Атлас
Войти  

Также по теме

Нина Чусова

  • 1944

Фотографии: Татьяна Зоммер

Я так хотела попасть в Москву! Посту­пить — сюда, учиться — здесь. Возможные сложности меня не пугали, Москва была для меня праздником, благодатью. А все временные препятствия на пути к ней можно было запросто перешагнуть. После школы приехав-таки в Москву, я срезалась во все театральные институты, кроме ГИТИСа: до него я не дошла, поскольку сил уже не было. И я рыдала на груди у мамы и выла: «Забери меня отсюда! Ничего не хочу!» И мама увезла меня обратно. Домой. В Воронеж. И там в со­вер­шенно расслабленном состоянии я поступила на актерское отделение ­театрального факультета Воронежского института искусств.

Перед тем как идти в театральное, я отправила экспликацию одной пьесы во ВГИК, на режиссерское отделение. Мне дали от ворот поворот, написав в ответе, что, дескать, «научитесь снача­ла в общем хоре петь, поработайте-ка актрисой, а потом уж на режиссера замахивайтесь». И я пошла в актрисы. Вообще очень послушная была — что мне говорили, то и делала. Я не революционер. Мне сказали исправиться — буду исправляться.

Уже дипломированной актрисой я показывалась Константину Райкину и Леониду Ефимовичу Хейфецу. И ничего Райкину не подошло. А мне так к нему хотелось в актрисы! И в день, когда он меня окончательно завернул, я топилась с горя в ванне у своего друга, артиста Федора Добронравова. Очень четко помню этот момент. А Леонид Ефимович Хейфец, который на тот момент был главным режиссером в Театре Советской армии, взял к себе в театр моего однокурсника, а меня в упор не видел. Позже, когда я училась у Хейфеца на режиссерском факультете в ГИТИСе и он поставил мне пять с плюсом за актерское мастерство, я сказала: «Что ж вы, Леонид Ефимович, меня к себе в театр не взяли?» А он мне ответил: «Ты все выдумываешь, не приходила ты ко мне».

После спектакля театра «Современник» «Мамапапасынсобака» меня похвалили критики.
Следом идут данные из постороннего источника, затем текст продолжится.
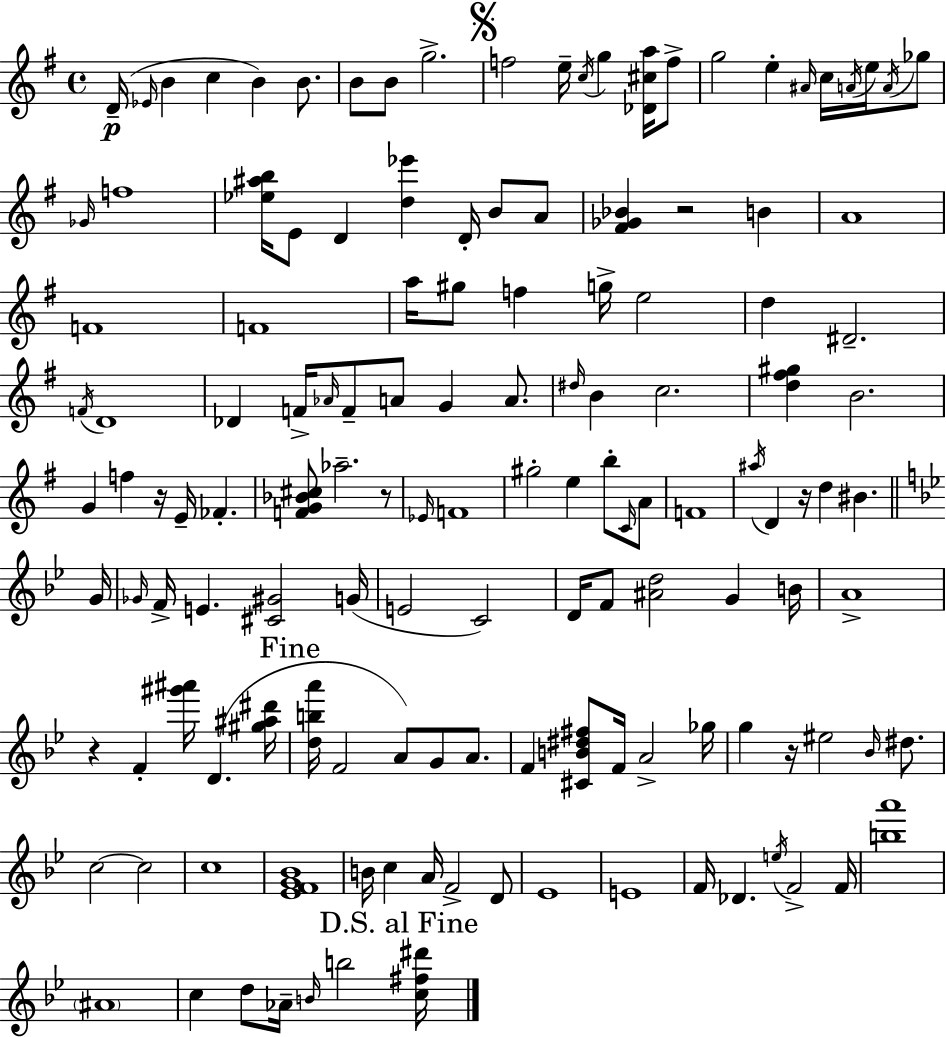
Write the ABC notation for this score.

X:1
T:Untitled
M:4/4
L:1/4
K:Em
D/4 _E/4 B c B B/2 B/2 B/2 g2 f2 e/4 c/4 g [_D^ca]/4 f/2 g2 e ^A/4 c/4 A/4 e/4 A/4 _g/2 _G/4 f4 [_e^ab]/4 E/2 D [d_e'] D/4 B/2 A/2 [^F_G_B] z2 B A4 F4 F4 a/4 ^g/2 f g/4 e2 d ^D2 F/4 D4 _D F/4 _A/4 F/2 A/2 G A/2 ^d/4 B c2 [d^f^g] B2 G f z/4 E/4 _F [FG_B^c]/2 _a2 z/2 _E/4 F4 ^g2 e b/2 C/4 A/2 F4 ^a/4 D z/4 d ^B G/4 _G/4 F/4 E [^C^G]2 G/4 E2 C2 D/4 F/2 [^Ad]2 G B/4 A4 z F [^g'^a']/4 D [^g^a^d']/4 [dba']/4 F2 A/2 G/2 A/2 F [^CB^d^f]/2 F/4 A2 _g/4 g z/4 ^e2 _B/4 ^d/2 c2 c2 c4 [_EFG_B]4 B/4 c A/4 F2 D/2 _E4 E4 F/4 _D e/4 F2 F/4 [ba']4 ^A4 c d/2 _A/4 B/4 b2 [c^f^d']/4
Впервые. Меня и на «Золотую маску» выдвинули, и признали. Это был единственный мой спектакль, когда ­пуб­лика и критики были единодушны. Все остальные спектакли вызывали, мягко говоря, противоречивые мнения.

Я не пыталась себя как-то специально на­строить перед работой с мэтрами — с тем же Олегом Табаковым, например. Действовала без всех этих интеллигентских ­«пристро­ев», а по принципу «эх, была не была!». Как есть, так и есть: если меня обидят, я в голос плачу, если веселят — хохочу.
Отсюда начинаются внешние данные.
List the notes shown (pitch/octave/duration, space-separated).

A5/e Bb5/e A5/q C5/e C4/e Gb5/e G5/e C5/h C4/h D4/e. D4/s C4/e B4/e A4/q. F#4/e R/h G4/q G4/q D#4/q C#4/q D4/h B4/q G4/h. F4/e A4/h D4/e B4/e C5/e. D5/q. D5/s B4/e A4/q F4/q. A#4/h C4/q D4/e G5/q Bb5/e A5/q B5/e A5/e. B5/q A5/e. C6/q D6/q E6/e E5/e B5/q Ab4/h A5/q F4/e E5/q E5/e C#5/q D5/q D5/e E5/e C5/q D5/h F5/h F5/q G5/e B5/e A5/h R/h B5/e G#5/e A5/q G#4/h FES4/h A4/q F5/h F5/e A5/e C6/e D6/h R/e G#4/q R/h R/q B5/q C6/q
Мой муж, Юрий Катаев, тоже режиссер. Мы друг другу совершенно не мешаем и не страдаем профессиональной ревностью; наоборот, часто помогаем друг другу. Мне вообще не важно, напишут ли на афише мое имя. Ну хорошо, это моя инсценировка — и что с того? Что это меня­ет? И у нас с Юрой нет таких моментов, когда я могла бы ему сказать: «Вот в этом месте я тебе не помогу, думай, дружок, сам. Это моя профессиональная тайна!» Я считаю, чем шире обмен мнениями, тем лучше, но с этими своими убеждениями я в абсолютном меньшинстве. Считается ведь, что у каждого свой почерк, и если что не так, сразу поднимается крик: «Украли мой ключик! Мою краску!»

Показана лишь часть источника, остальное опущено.